An exact copy of the listing below is needed, with no pictures in it.

▶ **Stored data**:
★ ★ ★ ★ ★
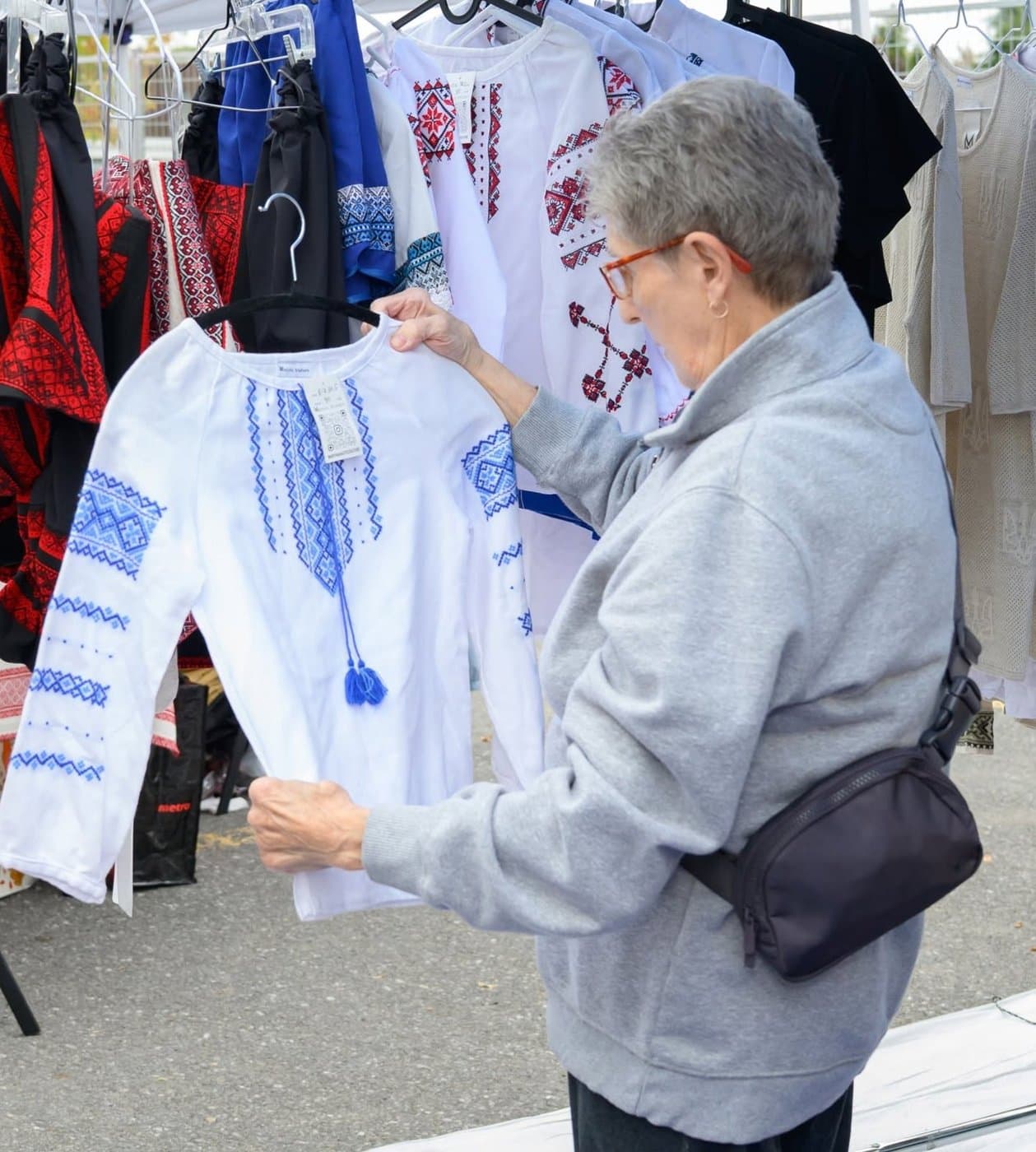 An elderly woman examining an embroidered white and blue vyshyvanka blouse hanging on a rack at a UAFest clothing vendor tent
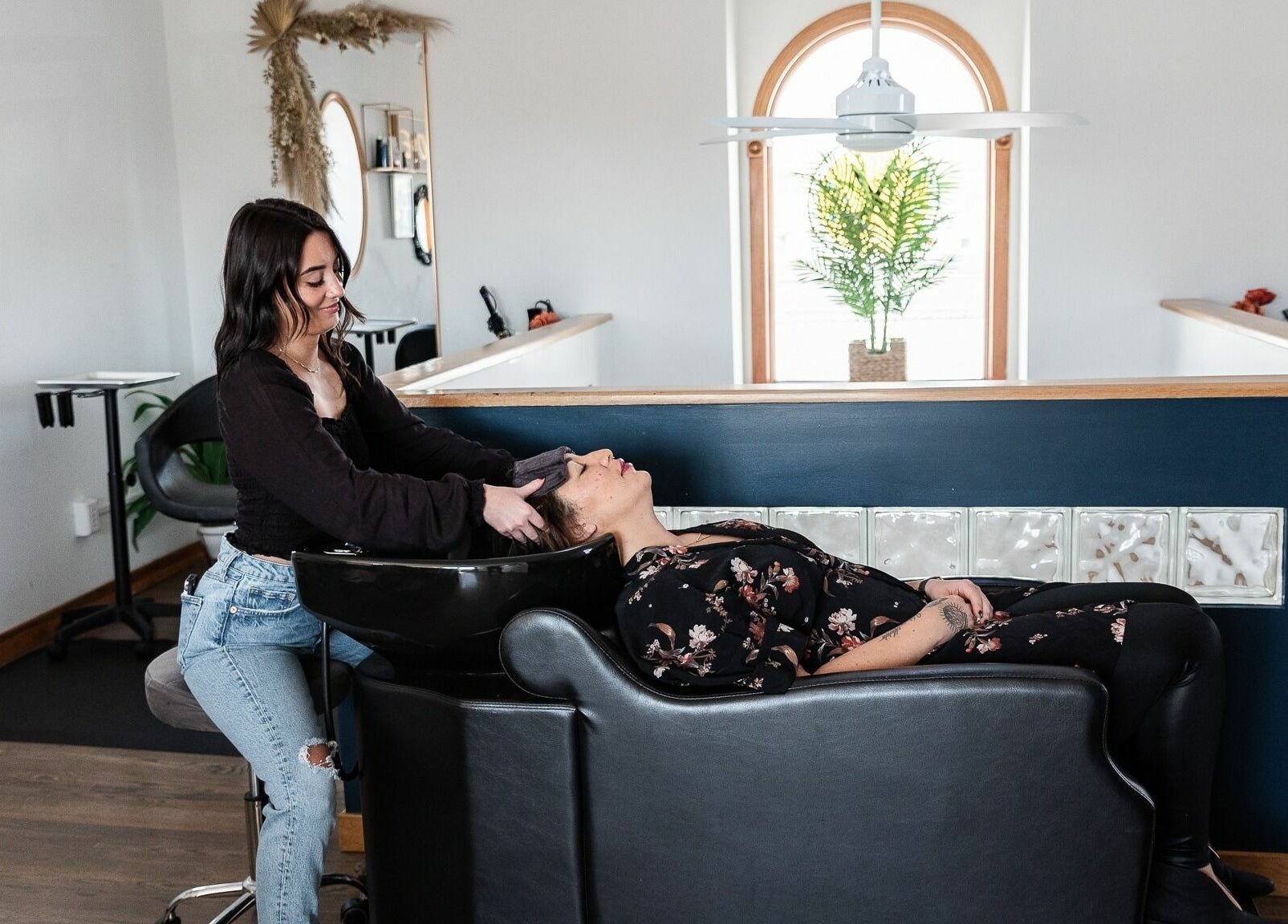 Hairdresser at Alchemy, the Salon in Fairfield, Connecticut, US, providing a relaxing hair wash in a chic setting.
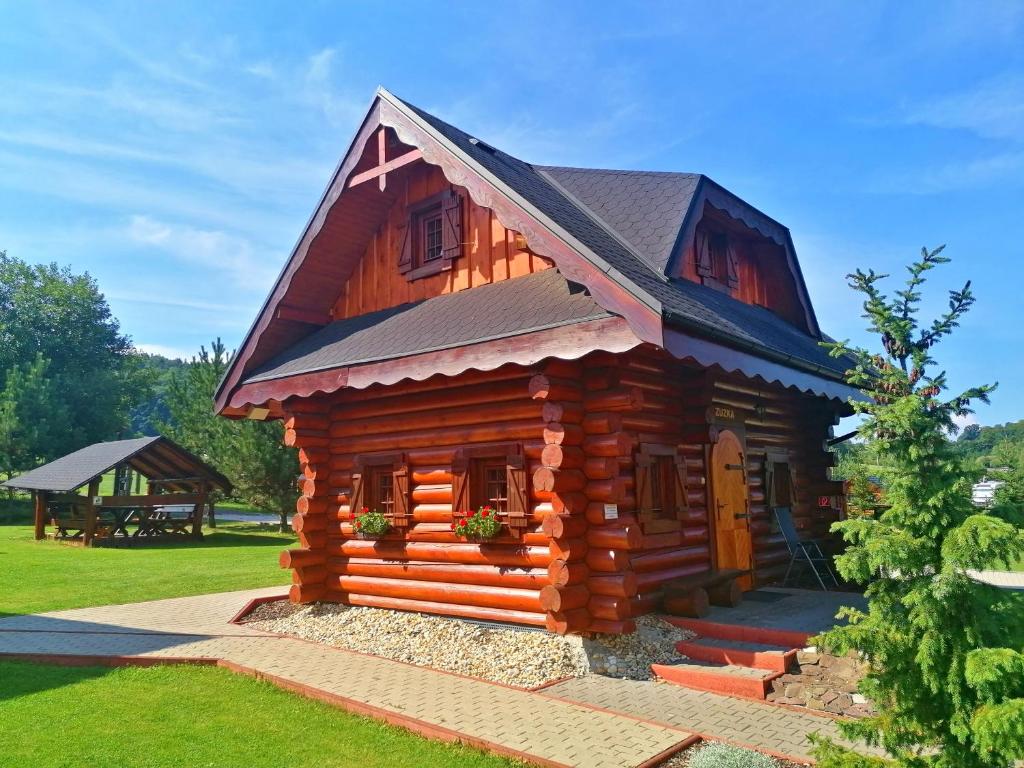a log cabin with a black roof at Ubytovanie Koliba Pacho - Zrub Zuzka in Prievidza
★ ★ ★ ★ ★
▶ **Written solution**:
 An elderly woman examining an embroidered white and blue vyshyvanka blouse hanging on a rack at a UAFest clothing vendor tent
 Hairdresser at Alchemy, the Salon in Fairfield, Connecticut, US, providing a relaxing hair wash in a chic setting.
a log cabin with a black roof at Ubytovanie Koliba Pacho - Zrub Zuzka in Prievidza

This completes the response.